Kucağında, aşağıdaki “Yönetici Tanrılar” ve “Yönetici Tanrıça” bölümlerinde
açıklanan tanrılar vardır.
Bu çakranın içinde, nektar amrita chitrini nadi yoluyla aşağı doğru damlar ve
saf bir biçime ve bir zehire bölünür. Aşağıdaki “Khehari Mudra” egzersizinde yer
alan khechari mudra gibi uygulamalar ve jalandhara bandha'nın kilidinin
açılması, bu nektarın vishuddha'ya saf bir biçimde ulaşmasını sağlayarak vücudu
zehirden arındırır. Bu yantra'nın hikayesinde, ay görüntüsü psişik enerjiyi,
basiret ve kelimeler olmadan iletişim kurma yeteneğini temsil eder.
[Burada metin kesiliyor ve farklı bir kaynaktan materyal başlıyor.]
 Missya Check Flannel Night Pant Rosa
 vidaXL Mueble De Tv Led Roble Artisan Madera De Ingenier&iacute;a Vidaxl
Bu
yetenekler aktifleştikçe, içsel tarafından desteklenen
Translated from Afrikaans to Turkish - www.onlinedoctranslator.com

Siddhi güçleri sağlayan Shakti, alt çakra toprağının tüm elementleri, su,
ateş ve hava - arıtılır ve eter veya akaşaya çözülür.13
Vishuddha'nın Bileşen Parçaları
Brüt Öğe:Özü birleştiren akasha olarak da bilinen eter
beş elementin hepsinden ama rengi, kokusu, tadı, dokunuşu veya şekli yoktur.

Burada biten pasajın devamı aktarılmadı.